Nolden brought claims against Crescent for "[m]edical [n]egligence," "[m]edical [b]attery," and "[b]reach of [c]ontract to [c]ure." She asserted that Crescent was negligent in: (1) "failing to institute the appropriate interventions to prevent" her spider-bite wounds from becoming worse; (2) "failing to appropriately treat [her spider-bite] wounds according to the [p]hysician [t]reatment [p]lan"; and (3) "failing to provide a sufficiently trained and supervised staff" and to "have policies" in place to protect her from the male resident's attacks. Further, Nolden asserted that Crescent was liable, based on a theory of respondeat superior, for the actions of "the nurses and other healthcare providers at [Crescent]."

In her original petition, Nolden stated that she had provided Crescent with "written notice of [her] claims as required by Texas Civil Practice [and] Remedies Code [section] []74.051." Nolden sought damages for mental anguish, physical pain and suffering, physical impairment, emotional distress, and "reasonable and necessary medical, hospital, and nursing expenses." Nolden also, alleging that Crescent's conduct "constitute[d] malice and gross [n]egligence," sought exemplary damages.

See id. § 74.051 ("Notice").

In response to Nolden's original petition, Crescent filed a combined answer, special exceptions, and motion to dismiss. Crescent generally denied the allegations in Nolden's petition and asserted certain affirmative defenses, including that Nolden's claims were barred by the applicable statute of limitations. And Crescent specially excepted to, among other things, Nolden's failure to attach or incorporate into her original petition a showing that she satisfied the "condition precedent" of providing to Crescent a "statutorily mandated notice of claim."

See id. § 74.251(a) (providing health care liability claim must be "filed within two years from the occurrence of the breach or tort or from the date the medical or health care treatment that is the subject of the claim or the hospitalization for which the claim is made is completed").

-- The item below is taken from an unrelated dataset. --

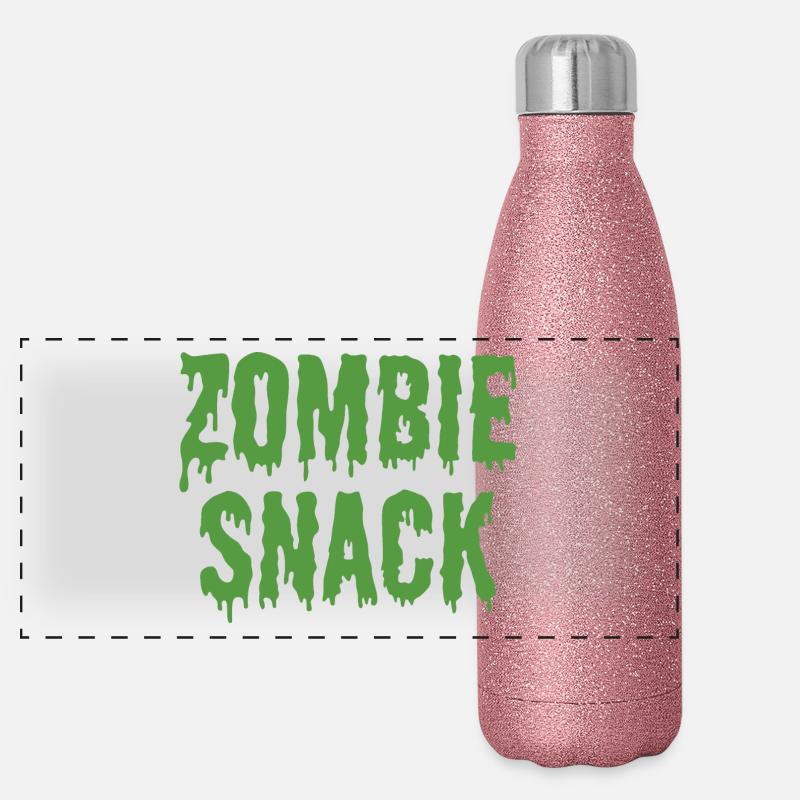 Zombie: Zombie Snack Panorama Glitzer Isolierflasche 500 ml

See id. § 74.051(a), (b) (providing "[a]ny person or h[er] authorized agent asserting a health care liability claim shall give written notice of such claim by certified mail, return receipt requested, to each physician or health care provider against whom such claims [are] being made at least [sixty] days before the filing of a suit in any court of this [S]tate based upon a health care liability claim" and "[i]n such pleadings as are subsequently filed in any court, each party shall state that [she] has fully complied with the provisions of this section . . . and shall provide such evidence thereof"); see also id. § 74.052(a), (c).

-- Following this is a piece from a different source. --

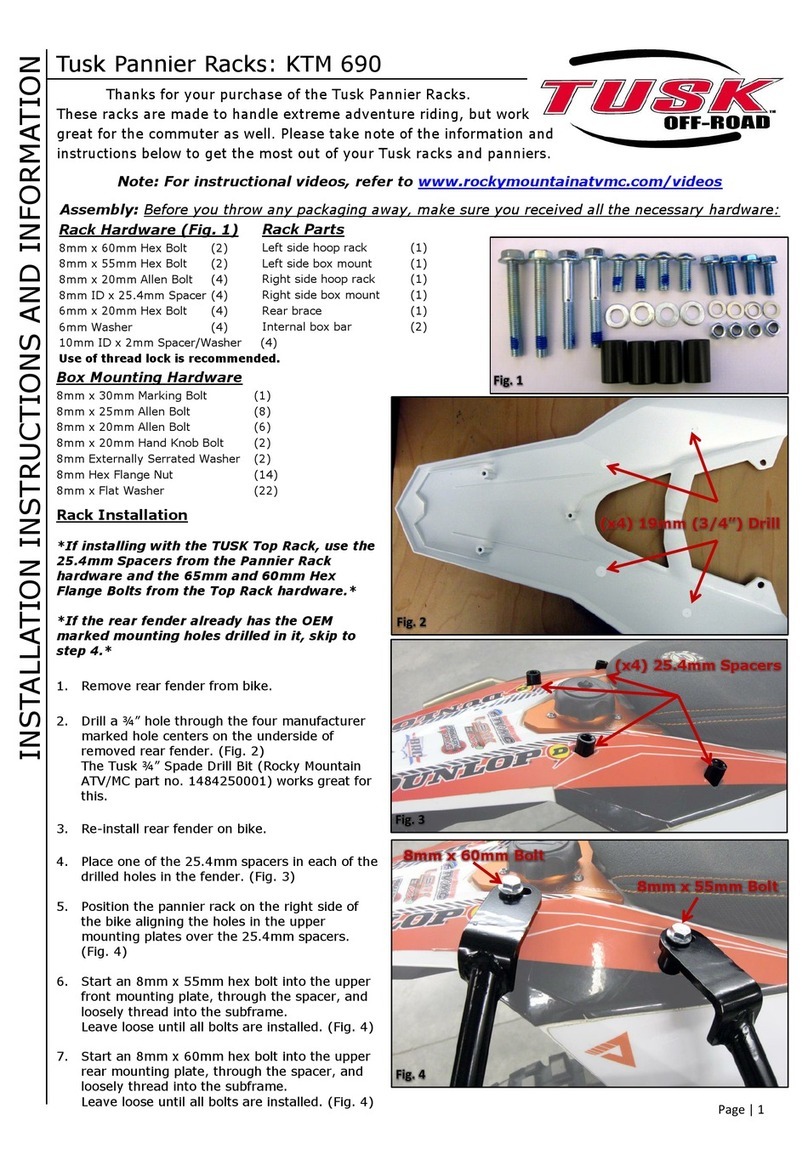 Tusk KTM 690 Installation instructions and information manual Tusk KTM 690 Installation instructions and information manual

In its motion to dismiss, Crescent argued that Nolden's claims against it had no basis in law or fact because they were barred by the applicable statute of limitations. According to Crescent, Nolden, in her original petition, alleged that she had sustained injuries during her stay as a patient at Crescent from February 6, 2018 through March 2, 2018. Yet Nolden did not file suit against Crescent until September 1, 2020. Texas Civil Practice and Remedies Code section 74.251(a) requires that a health care liability claim be brought "within two years from the occurrence of the breach or tort or from the date of the medical or health care treatment that is the subject of the claim." (Internal quotations omitted.) A health care liability claim is any cause of action against a health care provider "for treatment, lack of treatment, or other claimed departure from accepted standard of medical care, or healthcare, or safety or professional or administrative services directly related to healthcare, which proximately results in injury or death of a claimant, whether the claimant's claim or cause of action sounds in tort or contract."(Internal quotations omitted.) Because Nolden's claims constituted health care liability claims, they were subject to the two-year statute of limitations found in Texas Civil Practice and Remedies Code section 74.251(a).

See id. § 74.251(a).

See id. § 74.001(a)(13) (defining "[h]ealth care liability claim" (internal quotations omitted)).

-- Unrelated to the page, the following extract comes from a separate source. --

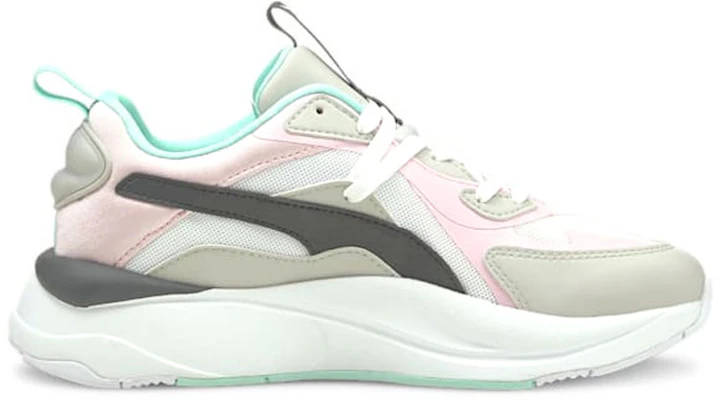 Puma RS-Curve Core 減震耐磨 低幫跑步鞋 女款 白灰黑 Order Puma RS-Curve Core 減震耐磨 低幫跑步鞋 女款 白灰黑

Crescent further argued that because the "last possible day [Crescent] could have treated [Nolden]" was March 2, 2018-the date of Nolden's discharge from Crescent-the "last date" that Nolden could have timely filed her health care liability claims against Crescent was on March 2, 2020, six months before Nolden filed suit in this case. Thus, Nolden's claims against Crescent were barred by the statute of limitations. Anticipating that Nolden would "rely upon the exception to the two[-]year statute of limitations" contained in Texas Civil Practice & Remedies Code section 74.051(c) "to allege that the statute of limitations should have been tolled by [seventy-five] days," Crescent also asserted that Nolden had "failed to provide" the proper "notice of [her] claim[s] or [medical] authorization" and thus "was not entitled to the tolling exception" provided by section 74.051(c).

See id. §§ 74.051(a), (c) (providing when "written notice of" health care liability claim is properly given, along with "the authorization form for release of protected health information," "[n]otice . . . shall toll the applicable statute of limitations to and including a period of [seventy-five] days following the giving of the notice"), 74.052(a), (c); see also Carreras v. Marroquin, 339 S.W.3d 68, 74 (Tex. 2011) ("[F]or the statute of limitations to be tolled in a health care liability claim pursuant to [Texas Civil Practice and Remedies Code] [c]hapter 74, a plaintiff must provide both the statutorily required notice and the statutorily required [medical] authorization form.").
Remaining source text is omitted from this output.